INFORMATION SUPPLIED Start Marker

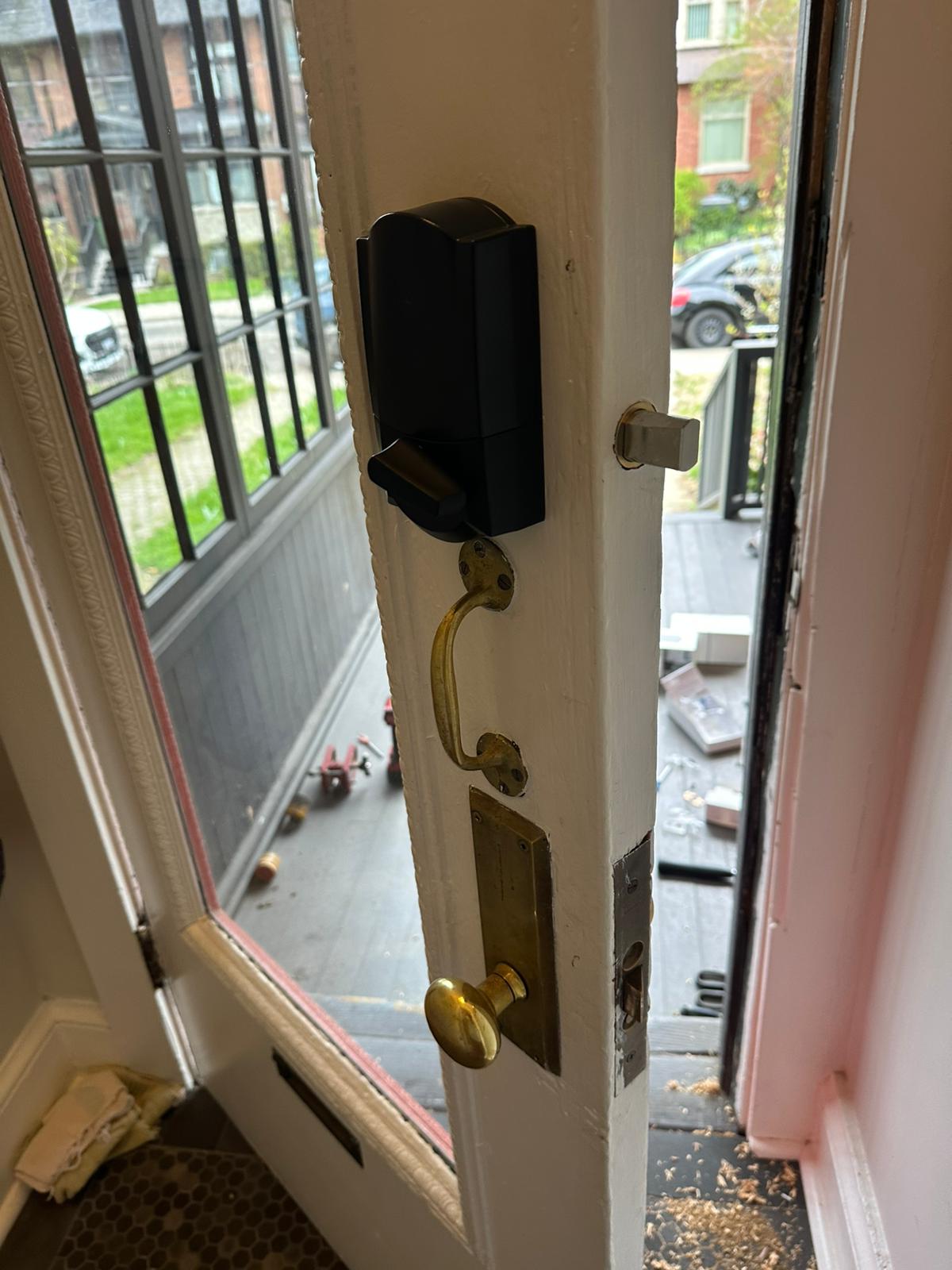Keypad deadbolt and handleset on a glazed entrance, seen from inside
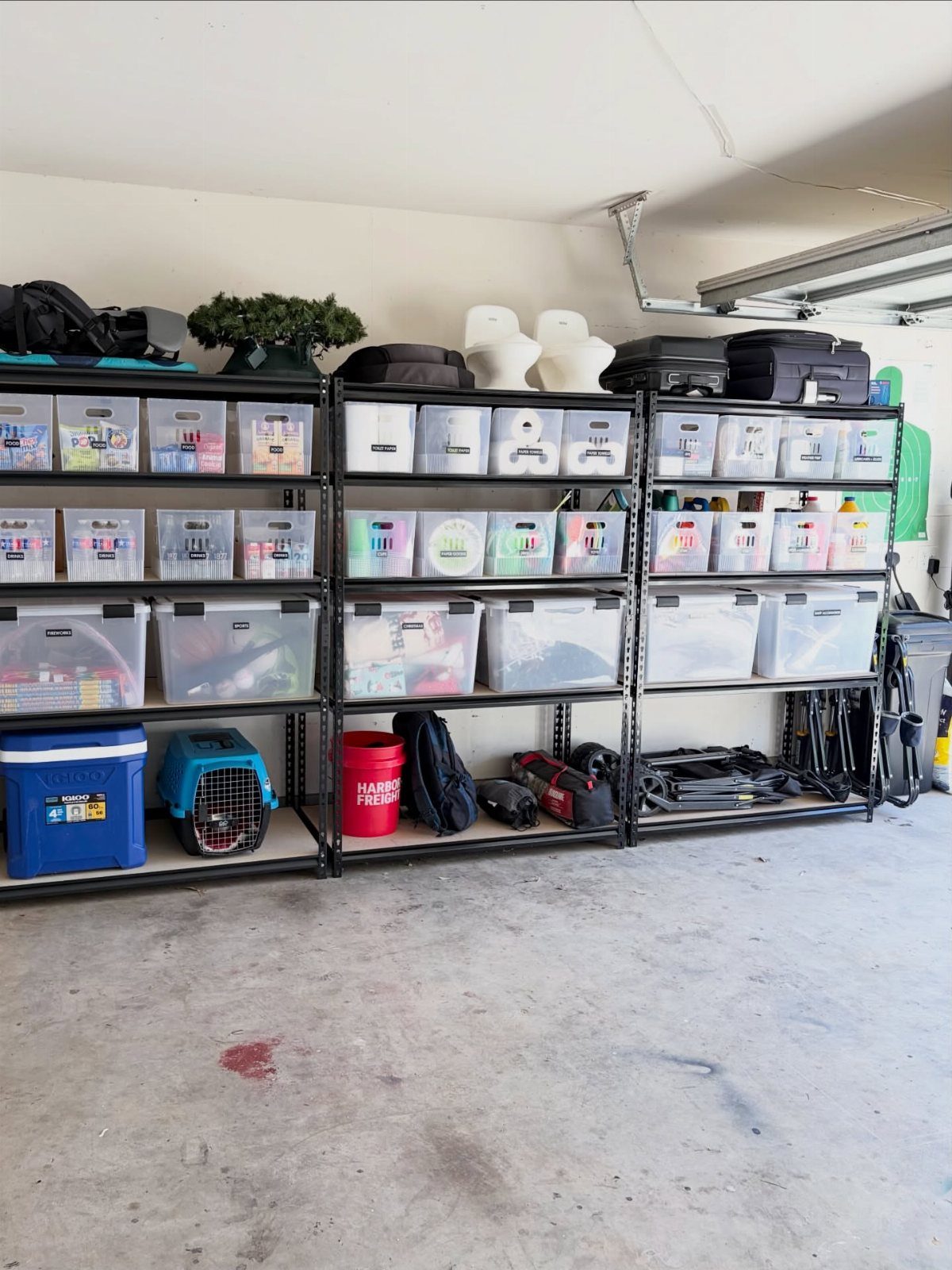 22 Organize a Garage Ideas for Workbenches, Zones & Wall Systems 8 Black metal shelves filled with clear plastic storage bins in an organized garage setting.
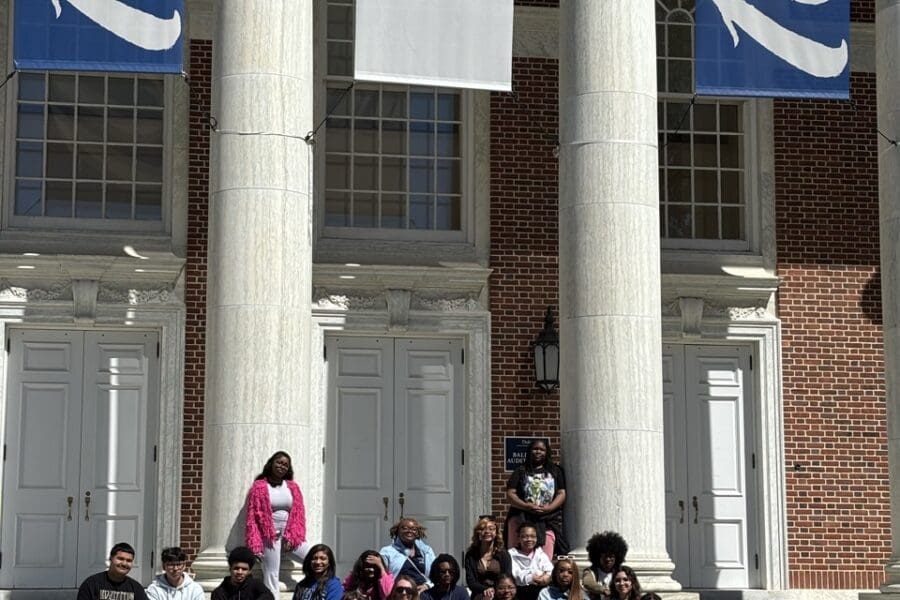 a group of student in front of building with pillars and "Duke 100 years" banners.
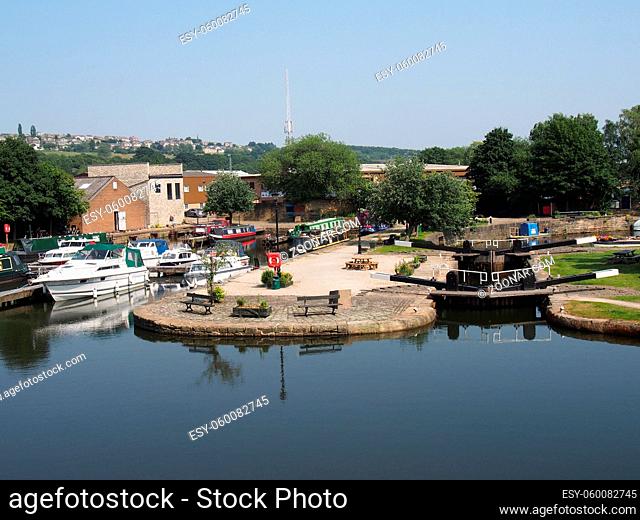 scenic view of brighouse basin with boats and moorings and the lock gates to the calder and hebble navigation canal in west yorkshire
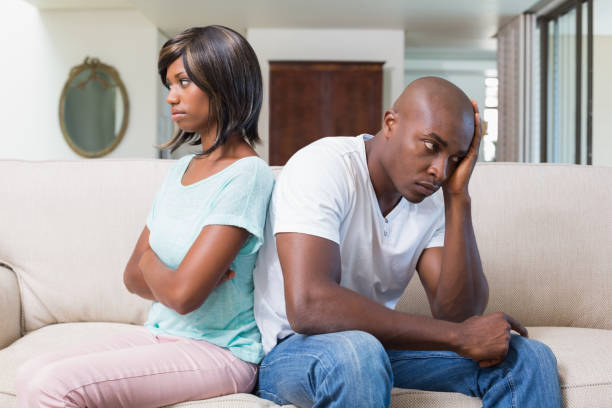istock Unhappy couple not talking after argument on sofa 843517920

INFORMATION SUPPLIED End Marker

All lines of the material above should be returned unchanged, but no pictures should be included.

TASK RESULT:
Keypad deadbolt and handleset on a glazed entrance, seen from inside
 22 Organize a Garage Ideas for Workbenches, Zones & Wall Systems 8 Black metal shelves filled with clear plastic storage bins in an organized garage setting.
 a group of student in front of building with pillars and "Duke 100 years" banners.
 scenic view of brighouse basin with boats and moorings and the lock gates to the calder and hebble navigation canal in west yorkshire
istock Unhappy couple not talking after argument on sofa 843517920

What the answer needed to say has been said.